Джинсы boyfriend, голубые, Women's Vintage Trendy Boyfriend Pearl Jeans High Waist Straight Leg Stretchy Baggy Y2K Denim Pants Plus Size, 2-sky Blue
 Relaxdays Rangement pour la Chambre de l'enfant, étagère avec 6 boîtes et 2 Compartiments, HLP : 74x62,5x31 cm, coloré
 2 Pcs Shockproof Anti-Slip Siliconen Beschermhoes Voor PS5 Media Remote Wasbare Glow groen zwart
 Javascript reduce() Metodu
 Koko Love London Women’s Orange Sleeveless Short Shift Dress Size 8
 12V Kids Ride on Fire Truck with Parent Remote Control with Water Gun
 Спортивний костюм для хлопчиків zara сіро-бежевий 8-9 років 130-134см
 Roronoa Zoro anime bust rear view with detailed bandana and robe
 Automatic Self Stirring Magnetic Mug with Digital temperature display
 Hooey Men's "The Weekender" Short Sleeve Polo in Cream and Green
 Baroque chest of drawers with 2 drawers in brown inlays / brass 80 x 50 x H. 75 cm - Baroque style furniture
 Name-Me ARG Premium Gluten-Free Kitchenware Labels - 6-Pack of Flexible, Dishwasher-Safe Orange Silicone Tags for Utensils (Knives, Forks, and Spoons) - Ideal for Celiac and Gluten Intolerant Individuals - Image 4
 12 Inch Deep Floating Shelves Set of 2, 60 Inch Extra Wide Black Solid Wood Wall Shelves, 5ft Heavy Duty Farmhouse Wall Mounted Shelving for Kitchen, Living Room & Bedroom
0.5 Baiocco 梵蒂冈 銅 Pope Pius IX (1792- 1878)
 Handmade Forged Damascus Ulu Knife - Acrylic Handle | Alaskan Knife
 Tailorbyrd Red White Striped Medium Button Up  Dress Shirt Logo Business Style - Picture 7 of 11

> What to work on: Write out all records exactly, keeping every detail.

> The answer:
Джинсы boyfriend, голубые, Women's Vintage Trendy Boyfriend Pearl Jeans High Waist Straight Leg Stretchy Baggy Y2K Denim Pants Plus Size, 2-sky Blue
 Relaxdays Rangement pour la Chambre de l'enfant, étagère avec 6 boîtes et 2 Compartiments, HLP : 74x62,5x31 cm, coloré
 2 Pcs Shockproof Anti-Slip Siliconen Beschermhoes Voor PS5 Media Remote Wasbare Glow groen zwart
 Javascript reduce() Metodu
 Koko Love London Women’s Orange Sleeveless Short Shift Dress Size 8
 12V Kids Ride on Fire Truck with Parent Remote Control with Water Gun
 Спортивний костюм для хлопчиків zara сіро-бежевий 8-9 років 130-134см
 Roronoa Zoro anime bust rear view with detailed bandana and robe
 Automatic Self Stirring Magnetic Mug with Digital temperature display
 Hooey Men's "The Weekender" Short Sleeve Polo in Cream and Green
 Baroque chest of drawers with 2 drawers in brown inlays / brass 80 x 50 x H. 75 cm - Baroque style furniture
 Name-Me ARG Premium Gluten-Free Kitchenware Labels - 6-Pack of Flexible, Dishwasher-Safe Orange Silicone Tags for Utensils (Knives, Forks, and Spoons) - Ideal for Celiac and Gluten Intolerant Individuals - Image 4
 12 Inch Deep Floating Shelves Set of 2, 60 Inch Extra Wide Black Solid Wood Wall Shelves, 5ft Heavy Duty Farmhouse Wall Mounted Shelving for Kitchen, Living Room & Bedroom
0.5 Baiocco 梵蒂冈 銅 Pope Pius IX (1792- 1878)
 Handmade Forged Damascus Ulu Knife - Acrylic Handle | Alaskan Knife
 Tailorbyrd Red White Striped Medium Button Up  Dress Shirt Logo Business Style - Picture 7 of 11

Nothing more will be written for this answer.